- Task description
Copy out the records precisely, omitting pictures.

- Entries provided
--- START ---
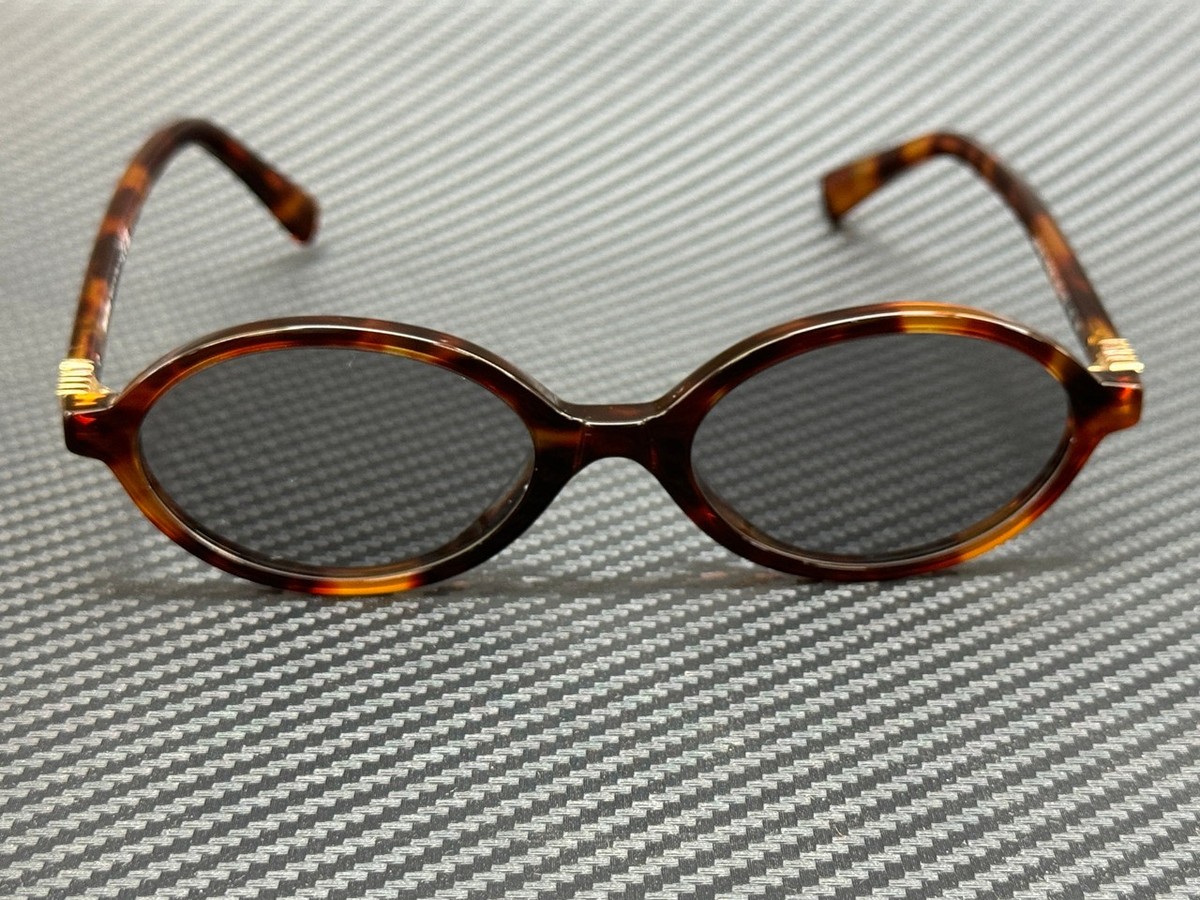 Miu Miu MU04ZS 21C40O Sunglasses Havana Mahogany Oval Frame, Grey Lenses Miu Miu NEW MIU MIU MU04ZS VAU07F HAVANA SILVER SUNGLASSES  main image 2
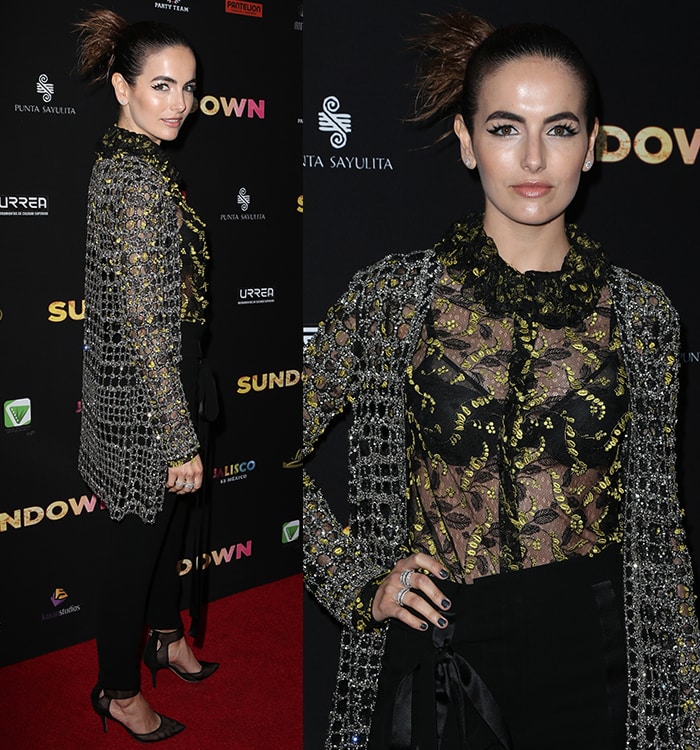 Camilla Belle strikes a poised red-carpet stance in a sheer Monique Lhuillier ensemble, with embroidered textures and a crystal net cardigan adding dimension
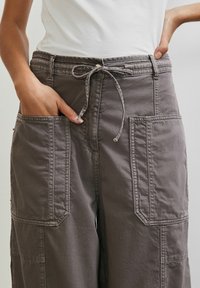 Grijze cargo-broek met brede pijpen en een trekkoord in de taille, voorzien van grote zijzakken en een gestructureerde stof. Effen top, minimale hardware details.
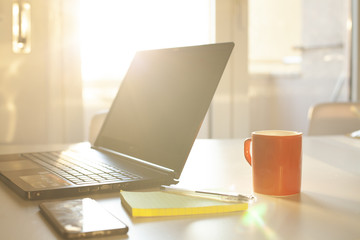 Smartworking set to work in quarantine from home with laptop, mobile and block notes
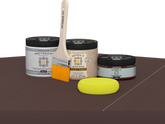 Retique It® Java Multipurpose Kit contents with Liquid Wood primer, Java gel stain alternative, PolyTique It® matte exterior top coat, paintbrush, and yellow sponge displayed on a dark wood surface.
--- END ---
- Reply to the task
 Miu Miu MU04ZS 21C40O Sunglasses Havana Mahogany Oval Frame, Grey Lenses Miu Miu NEW MIU MIU MU04ZS VAU07F HAVANA SILVER SUNGLASSES  main image 2
 Camilla Belle strikes a poised red-carpet stance in a sheer Monique Lhuillier ensemble, with embroidered textures and a crystal net cardigan adding dimension
 Grijze cargo-broek met brede pijpen en een trekkoord in de taille, voorzien van grote zijzakken en een gestructureerde stof. Effen top, minimale hardware details.
 Smartworking set to work in quarantine from home with laptop, mobile and block notes
 Retique It® Java Multipurpose Kit contents with Liquid Wood primer, Java gel stain alternative, PolyTique It® matte exterior top coat, paintbrush, and yellow sponge displayed on a dark wood surface.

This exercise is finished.